Von der AG in Grünau (85. Grundschule) zu den Handball-Meisterinnen zieht es Lisa Fabian (9). Durch Übungsleiter Peter Reimann, aber auch HCL-live-Partien motiviert und inspiriert möchte die bewegungshungrige junge Dame den nächsten Schritt im Verein wagen. Die Camp-Teilnahme war eine Ferienüberraschung von Papa Jörg und dessen Partnerin Jule.

„Der Brief lag auf dem Frühstückstisch. Ich habe mich darüber sehr gefreut, erzählt Lisa etwas schüchtern im Beisein ihrer Familie nebst Klein-Jolina (2) und Schwimmerin Laura (12).

Von Zurückhaltung ist auf dem Parkett nichts zu spüren.
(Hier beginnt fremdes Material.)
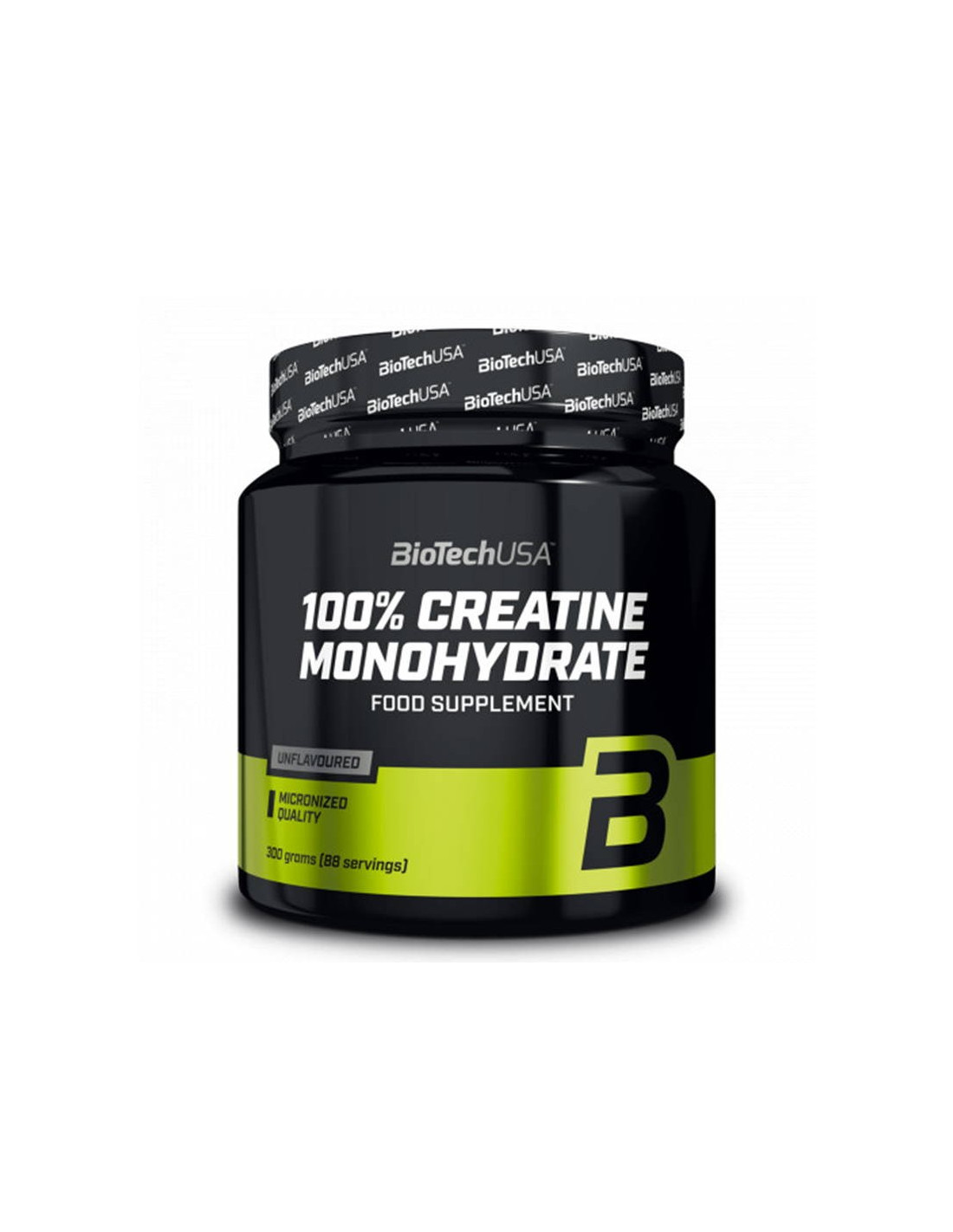 100% Creatine Monohydrate 300g - Biotech USA - Dravel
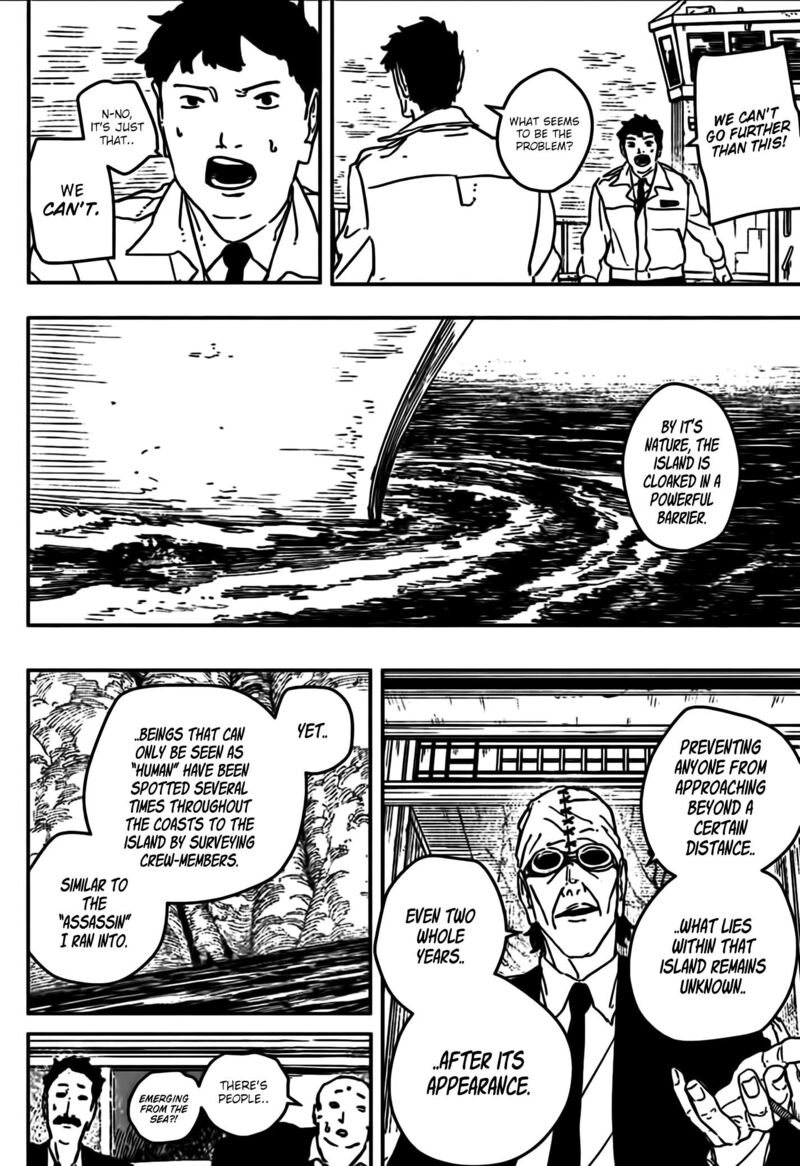 Kagurabachi Chapter 113 - Page 8 in English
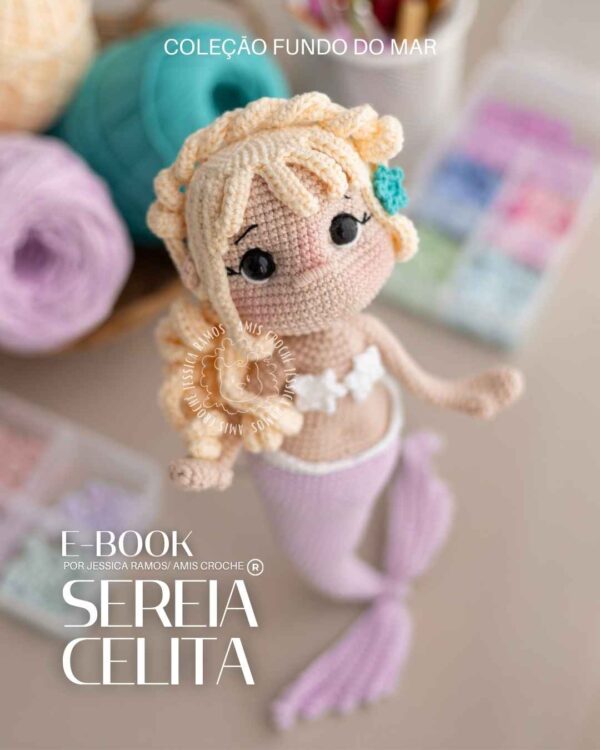 Sereia Celita / Produto Digital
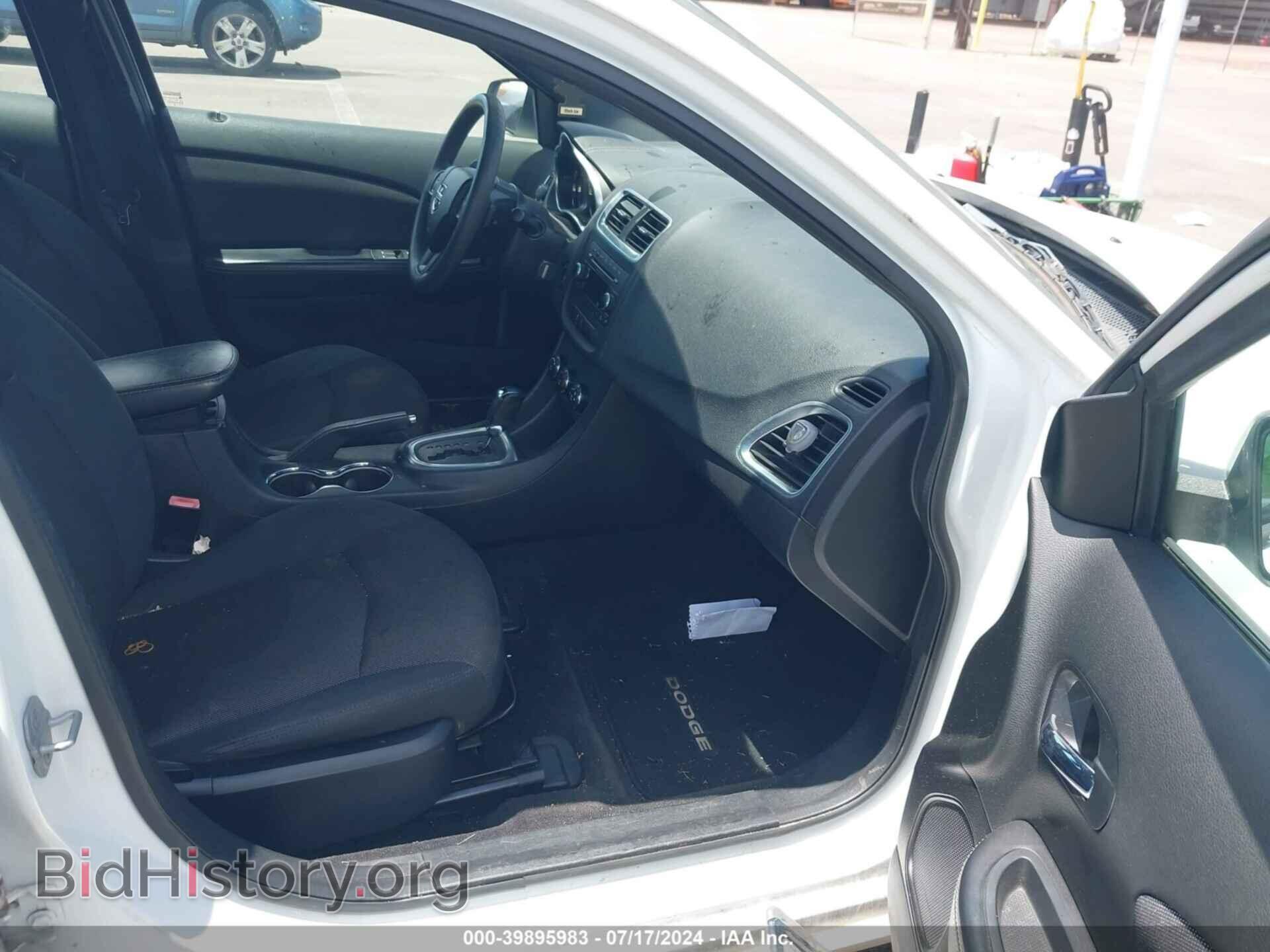2012 DODGE AVENGER - VIN: 1C3CDZAB3CN245103 - Фото 5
Da fliegen die Bälle nur so durch die Luft. Wer gerade eine Spielpause hat, tobt auf den dicken Matten weiter. Spaß muss sein – und alle profitieren davon. Nach dem Samstag-Programm inklusive Kino-Besuch glauben die Betreuer, dass die Rasselbande sofort in die Schlafsack-Kissen sinkt. Die Jungs wohl, aber die sehr mitteilungsbedürftigen Mädels üben einfach weiter. Das bringt am Morgen weniger Punkte.

Mit einem extra Applaus der jungen Gäste werden die Camp-Mitstreiter belohnt. Ein besondere Anerkennung auch für Kerstin Mühlner (48). „Es hat alles sehr gut funktioniert. Wir haben wieder unseren Spaß gehabt und vielleicht den einen oder anderen auf noch mehr Handball-Geschmack gebracht“, zieht die ehemalige Nationalspielerin das Resümee. Deren Einsatz an der Seitenlinie ist wahrlich titelreif, ein Vorsprung wird herausgespielt, doch nach dem Schlusspfiff jubeln Kollegin Luisa Schulz und deren Team. „Ich habe alles gegeben“, lacht Kerstin Mühlner mit vielen Schweißperlen auf der Stirn.

Fielmann ist ein zuverlässiger Partner. Das Optikunternehmen lässt seine Blicke unentwegt schweifen, unterstützt Nachwuchs- und Breitensport gleichermaßen. „Der Sport macht den Kopf frei und den Körper fit, bringt Teamgeist hervor. Das sind doch ideale Voraussetzungen für die Entwicklung junger Leute“, betont Firmen-Vertreter Michael Hahn, 2. Kreisklasse-Fußballer beim SV Lindenau. Die Camp-Lichter sind noch nicht ausgegangen, da steht die Frage nach Wiederholung. Die Regie wäre dazu bereit.